A similar story accompanied reopening the doors at Komarek School in North Riverside, where 20 percent of students and five staff members were absent on Jan. 3, according to Superintendent Todd Fitzgerald.
“We do not have specific information regarding the number of these students that missed due to COVID,” Fitzgerald said in an email. “There were many families traveling during the break. The winter storm Saturday and Sunday as well as the problems with canceled flights likely impacted the number of students out on Monday. The numbers for [Jan. 4 and 5, after the Landmark’s press time] will be a better indicator of where we are regarding student attendance.”
Eighteen Riverside District 96 staff members, including 10 certified staff, also were out with COVID on Jan. 3. The school district was able to handle the absences with substitute teachers and internal subbing. Staffing shortages due to teachers coming down with COVID have been a major challenge and a factor in some schools, including two in Oak Park, switching to remote learning coming out of winter break.
“We were monitoring the number of staff that had tested positive, so we knew that we could open our doors [Jan. 3] and hopefully for the foreseeable future,” Ryan-Toye said.
After more than a year of remote and hybrid learning, school administrators are anxious to keep kids coming to school in person. Remote learning had deleterious effects on student learning and behavior, and school administrators are trying to keep things as close to normal as possible this year.
Ryan-Toye said that it was not a real difficult decision to keep the school doors open.
“The state board of education and the department of public health had not changed their position,” Ryan-Toye said. “Their position has been that all Illinois school children should return to in-person learning.”

While exact numbers of absences weren’t immediately available from Brookfield-LaGrange School District 95, Superintendent Mark Kuzniewski said that more than 60 students were out due to “COVID-related” causes, adding “That’s the most we’ve seen in a long time.” He also reported that a number of teachers were also absent, leaving administrators scrambling for substitutes, using instructional coaches and specialty teachers, such as art, music and physical education teachers, to fill in.
“We’re starting to very quickly get to the point where we’re maintaining being open versus being in a normal school day,” Kuzniewski said. “It’s been incredibly difficult.”
At Riverside-Brookfield High School, 17 students and two staff members have tested positive for COVID in the first three days of January, according to the school’s COVID dashboard.
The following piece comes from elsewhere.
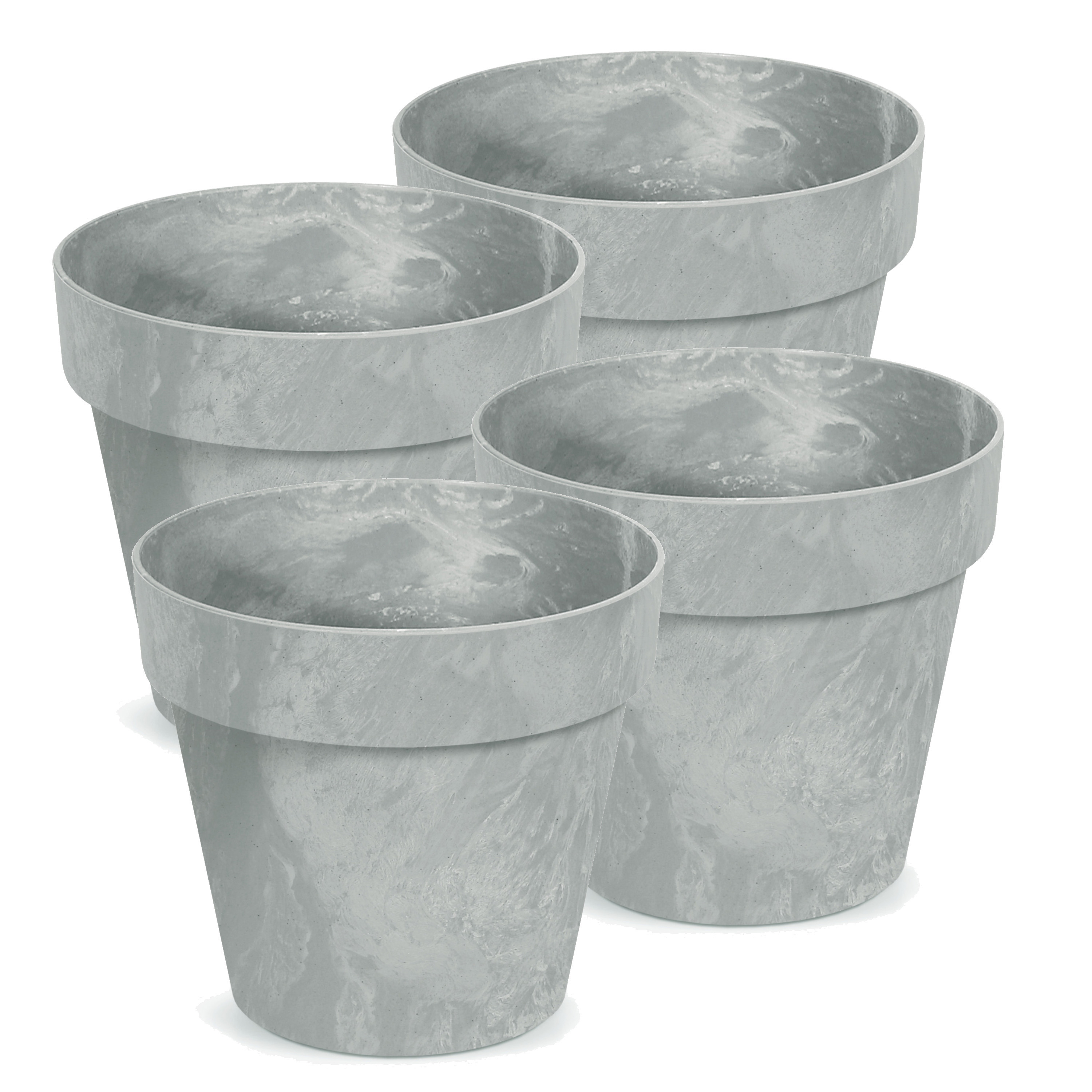 Bloempot/plantenpot - 4x - betonlook - lichtgrijs - kunststof - Dia 14 cm -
On Jan 3, 10 staff members, including six teachers, were absent. School officials did not respond to an inquiry about the number of student absences on the first day back from break.
During the month of December, a total of 45 students and 27 staff members at RBHS had tested positive.
The second semester at Lyons Township High School doesn’t begin until Jan. 6.
In Lyons-Brookfield School District 103, Superintendent Kristopher Rivera announced a few additional mitigation strategies.
All sporting events for the week of Jan. 3 have been canceled, no group work will be done and there will be an increased emphasis on social distancing and hand washing.
“We’re going to maintain physical distancing of at least six feet whenever possible,” Rivera said in a video posted on the district’s website.
Although the federal Centers for Disease Control reduced the recommended quarantine time for those testing positive to five days from 10, Rivera said that District 103 will stick with a 10-day quarantine period.
“It’s just too convoluted right now, and I don’t want to take any chances with the levels of positivity right now,” Rivera said.